When he calmed himself, he told me what his concept of being happy was. He described the elusive good life: freedom from any suffering, being prosperous, and seeking personal pleasure with an expectation of constant positive and pleasant emotions. He blamed his wife and children for his unhappiness and, in the process, had lost his family.
Unfortunately, this sense of shallow and false well-being and contentment is fleeting and fickle because it depends on outward circumstances.
Joy is a quality independent of outward circumstances—a deep abiding with God. Joy is part of the nature and the character of God, and, once fully embraced in our spirit and residing in our heart, is permanent. That is why James exhorts us to “consider it all joy, my brethren, when you encounter various trials, knowing the testing of your faith produces endurance” (James 1:2-3).
Nehemiah says the joy of the Lord is our strength. The devil can try to rob us of our happiness but cannot touch our joy. Joy is a state of actual being.

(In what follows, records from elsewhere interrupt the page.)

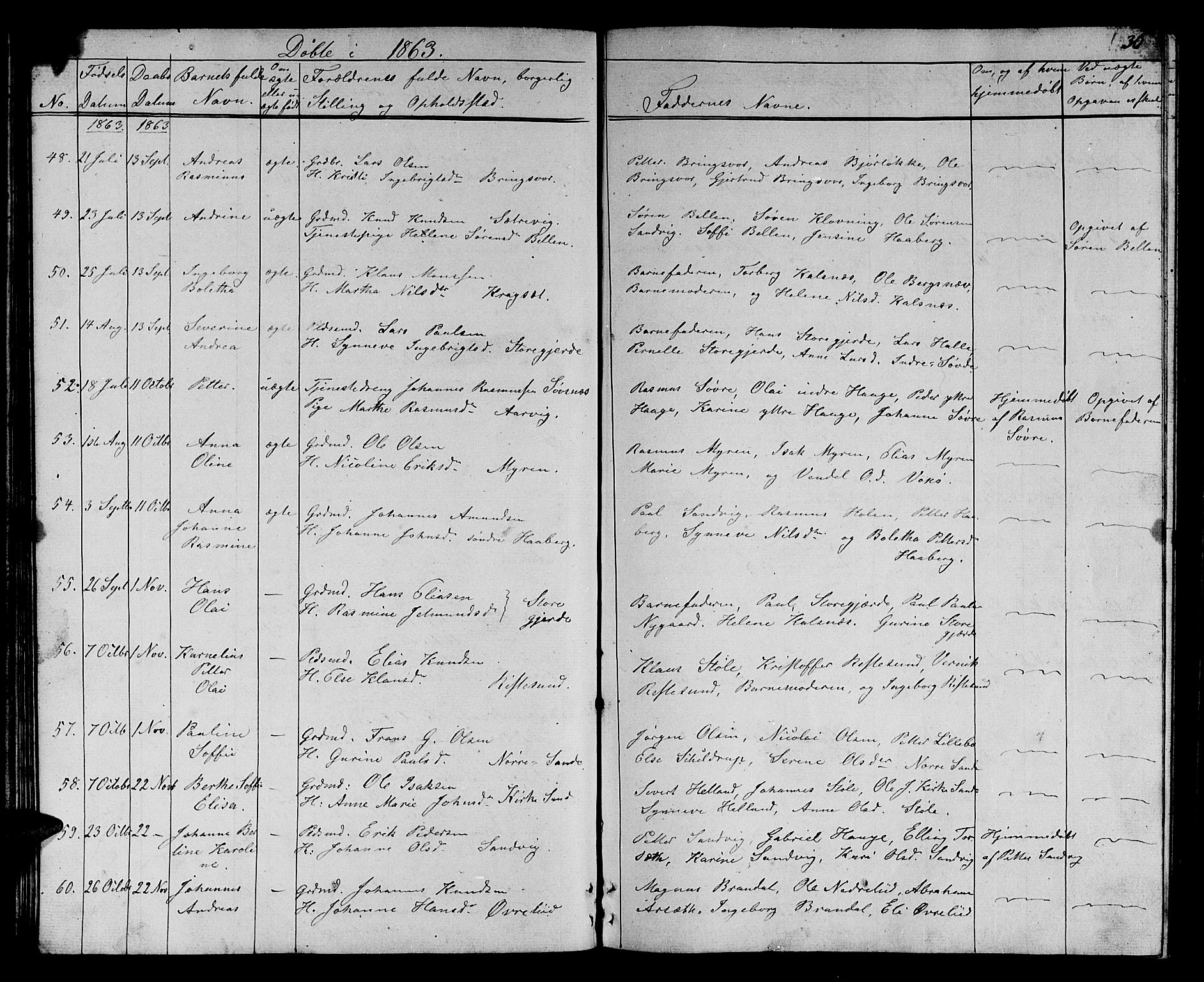 Ministerialprotokoller, klokkerbøker og fødselsregistre - Møre og Romsdal, AV/SAT-A-1454/503/L0047: Parish register (copy) no. 503C02, 1854-1884, p. 36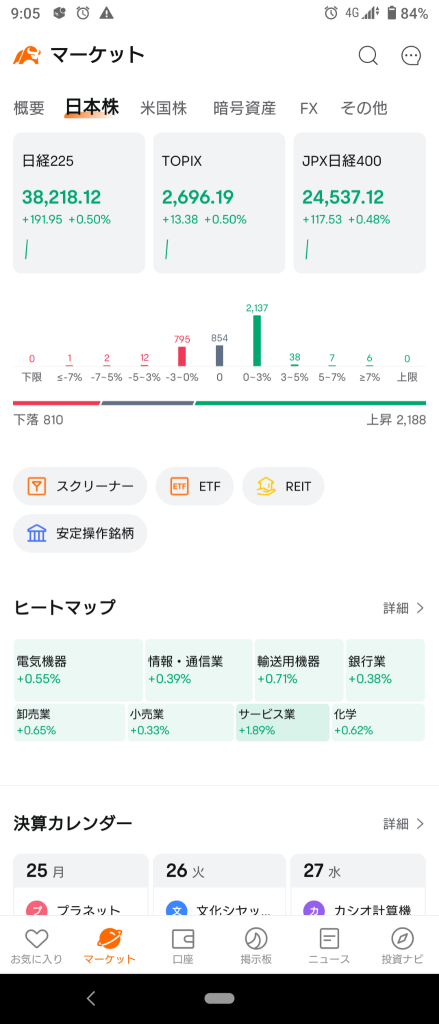 (2024/11/22 星期五)日本市场开盘上涨！⭐八成以上上涨❗⭕服务❌药品→日本市场收盘时继续上涨ww⭐八成以上上涨。⭕服务。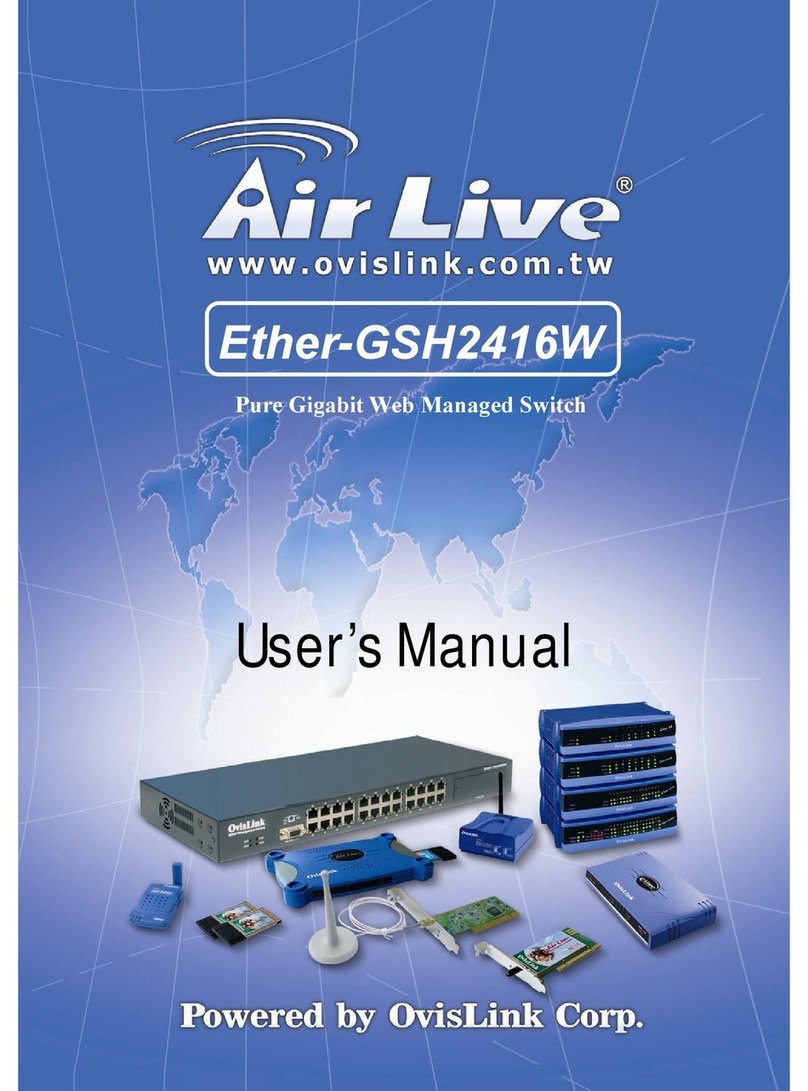 AirLive ETHER-GSH2416W User manual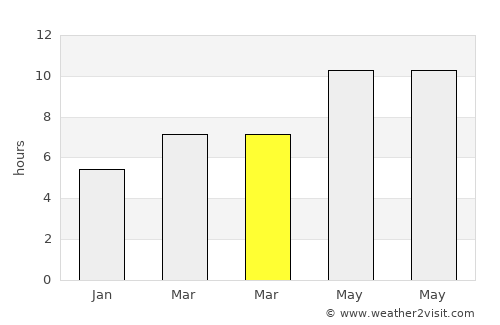 Çukurca average rain in March
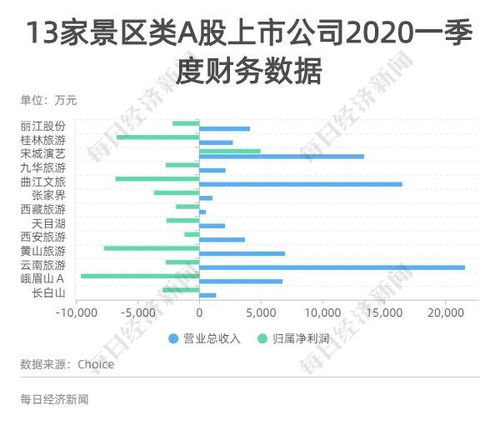 黄山景区停摆一天损失450万什么情况 黄山旅游董事长章德辉说了什么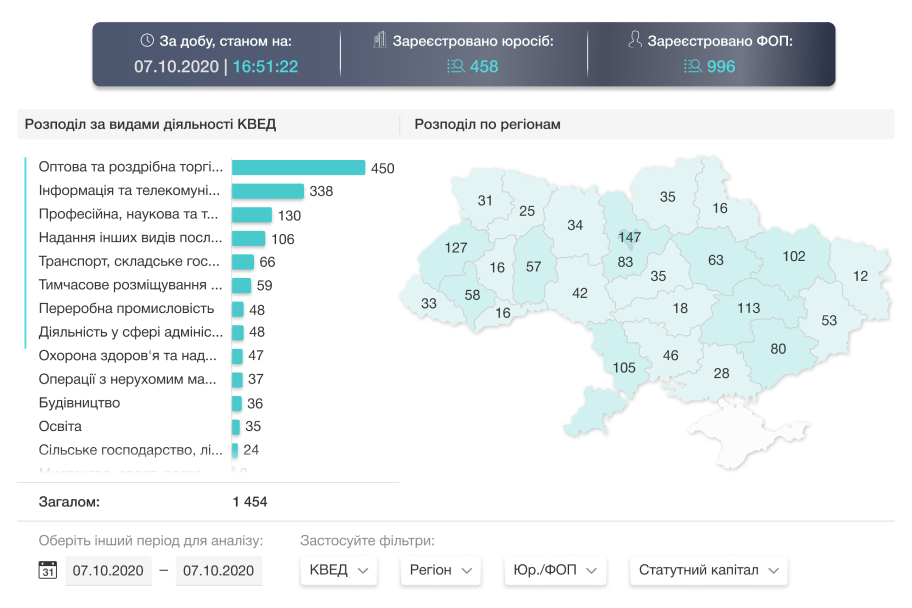 Потрібні нові клієнти?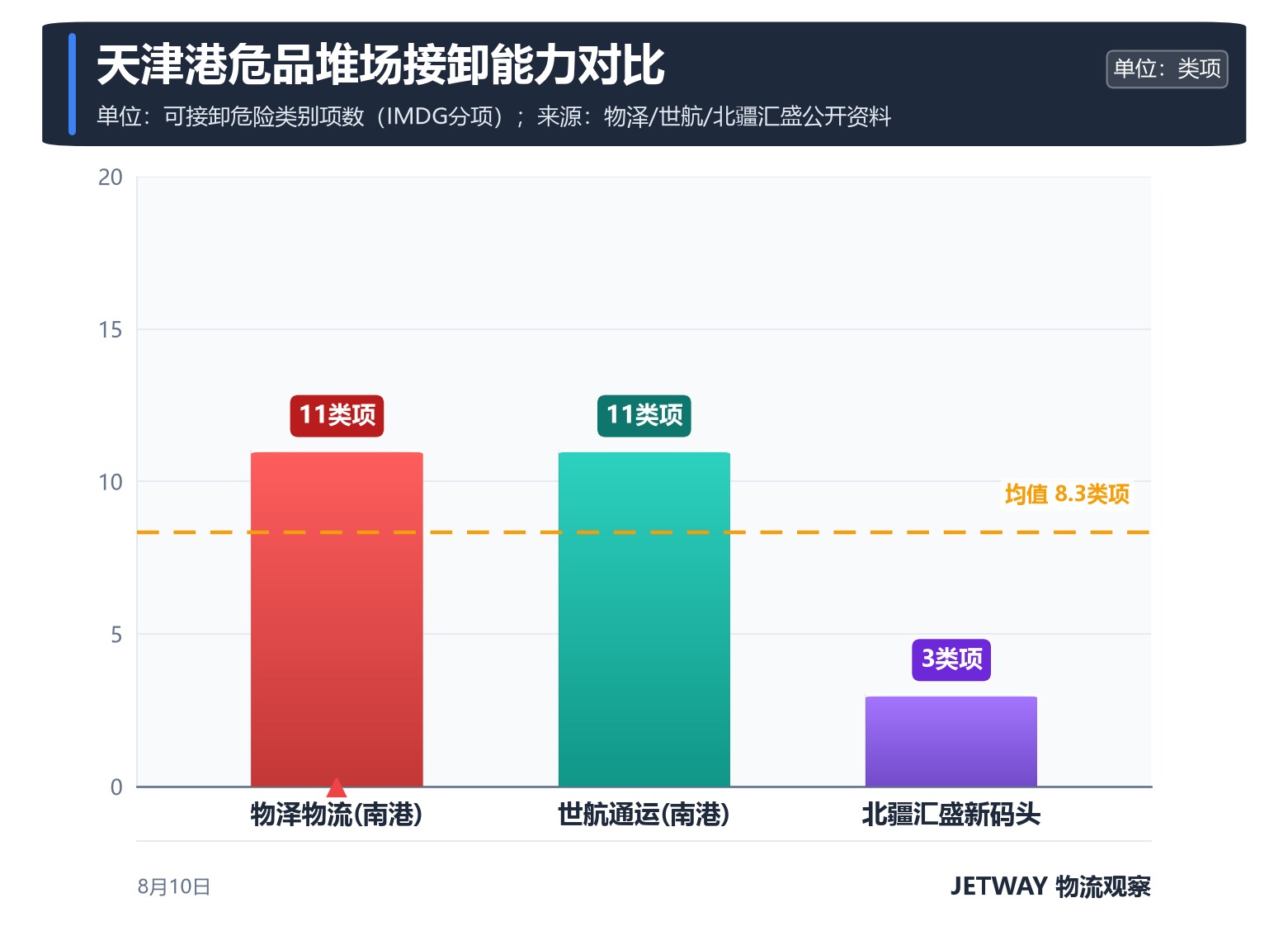 配图1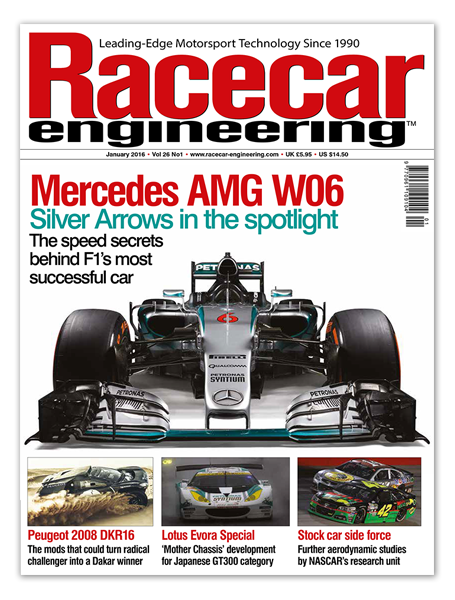 Racecar Engineering-January 2016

It is the merciful kindness by which God exerts His holy influence upon us, turning us to Christ Jesus.
Joy keeps, strengthens, increases faith and knowledge, and kindles our spirits to exercise Christian values. “O send out Your light and Your truth, let them lead me; let them bring me to Your holy hill, and to Your dwelling places. Then I will go to the altar of God, to God my exceeding joy; and upon the lyre I shall praise You, O God, my God” (Psalm 43:3-4).
This Christmas season, draw close to Jesus, and He will draw close to you. Allow the joy of the Father to fill you to overflowing.